The development of secondary bloodstream infection following UTI in patients with MRO HAI was the most common secondary infection associated with MRO HAI and UTI. Greater understanding of the mechanisms, patient factors and the epidemiology of gut colonisation of MRO common to these infections could assist in minimising this risk. The susceptibilities of microorganisms have been changing as a consequence of widespread antimicrobial use.3 Further research on the role of prior antibiotic exposure in the development, and consequences, of any HAI caused by specific microorganisms in healthcare settings is warranted.

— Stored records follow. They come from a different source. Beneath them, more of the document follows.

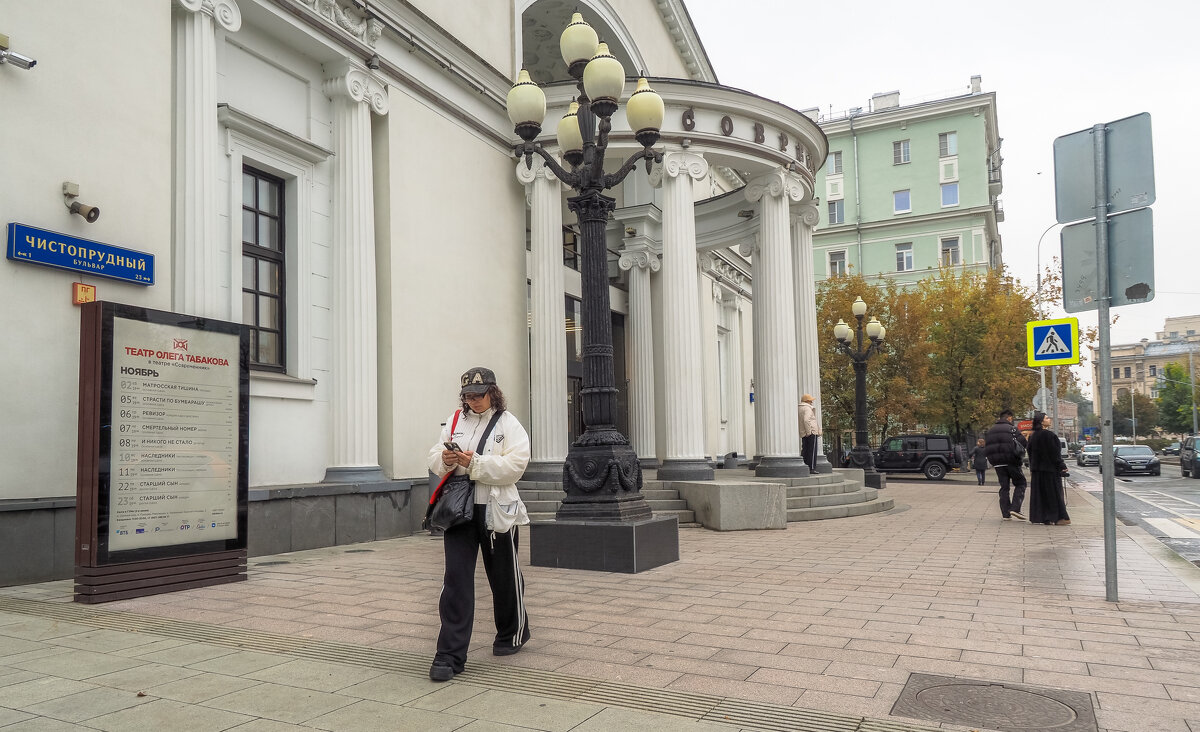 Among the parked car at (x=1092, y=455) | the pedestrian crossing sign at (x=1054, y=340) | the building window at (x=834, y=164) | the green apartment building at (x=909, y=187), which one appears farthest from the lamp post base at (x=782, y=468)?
the building window at (x=834, y=164)

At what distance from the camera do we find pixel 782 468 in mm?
16422

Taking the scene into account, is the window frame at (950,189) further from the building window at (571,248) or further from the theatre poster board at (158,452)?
the theatre poster board at (158,452)

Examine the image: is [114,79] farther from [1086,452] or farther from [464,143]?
[1086,452]

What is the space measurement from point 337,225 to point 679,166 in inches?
255

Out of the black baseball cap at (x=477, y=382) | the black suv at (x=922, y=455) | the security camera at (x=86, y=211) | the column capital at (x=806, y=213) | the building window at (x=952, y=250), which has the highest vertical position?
the building window at (x=952, y=250)

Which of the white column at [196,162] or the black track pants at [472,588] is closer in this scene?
the black track pants at [472,588]

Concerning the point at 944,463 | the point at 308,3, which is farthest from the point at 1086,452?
the point at 308,3

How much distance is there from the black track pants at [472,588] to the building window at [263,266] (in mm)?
7236

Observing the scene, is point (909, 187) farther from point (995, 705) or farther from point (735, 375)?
point (995, 705)

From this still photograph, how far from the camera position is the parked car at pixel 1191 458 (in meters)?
33.0

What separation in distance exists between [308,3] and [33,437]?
6938 mm

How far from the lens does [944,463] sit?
3097 centimetres

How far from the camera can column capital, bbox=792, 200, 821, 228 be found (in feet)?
63.0

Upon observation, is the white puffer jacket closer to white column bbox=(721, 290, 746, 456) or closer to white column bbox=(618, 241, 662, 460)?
white column bbox=(618, 241, 662, 460) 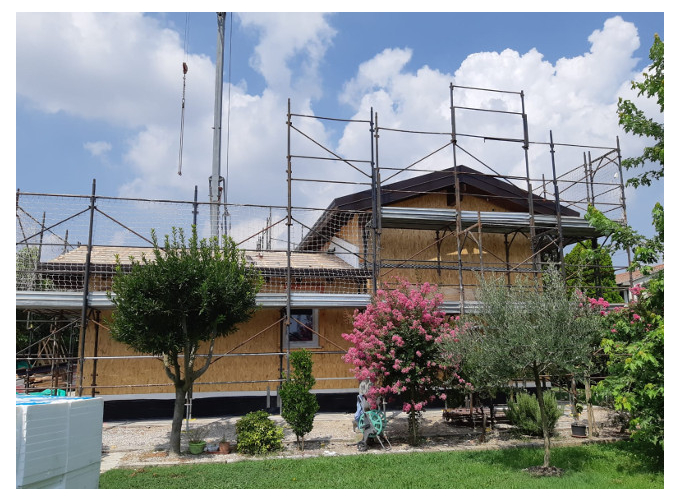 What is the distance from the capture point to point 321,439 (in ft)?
37.4

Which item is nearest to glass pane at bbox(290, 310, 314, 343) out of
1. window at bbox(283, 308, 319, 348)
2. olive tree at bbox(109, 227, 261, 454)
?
window at bbox(283, 308, 319, 348)

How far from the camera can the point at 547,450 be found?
347 inches

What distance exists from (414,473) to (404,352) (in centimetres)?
276

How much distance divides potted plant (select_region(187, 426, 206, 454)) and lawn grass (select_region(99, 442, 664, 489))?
3.16ft

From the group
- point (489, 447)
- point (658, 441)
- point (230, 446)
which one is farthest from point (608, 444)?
point (230, 446)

The development of MRO HAI has important clinical outcomes for patients. The prevention, control and surveillance of HAI are important to reduce their incidence and subsequent morbidity and mortality to patients. Prevention of such infections is important to ensure good patient outcomes, maintain patient safety and decrease costs to patients, society and the health sector.


Conflicts of interest

None declared.


Funding

No funding has been received.



Acknowledgements

The authors would like to acknowledge the support provided by executive management of the hospital and the assistance provided by the medical records and coding department staff.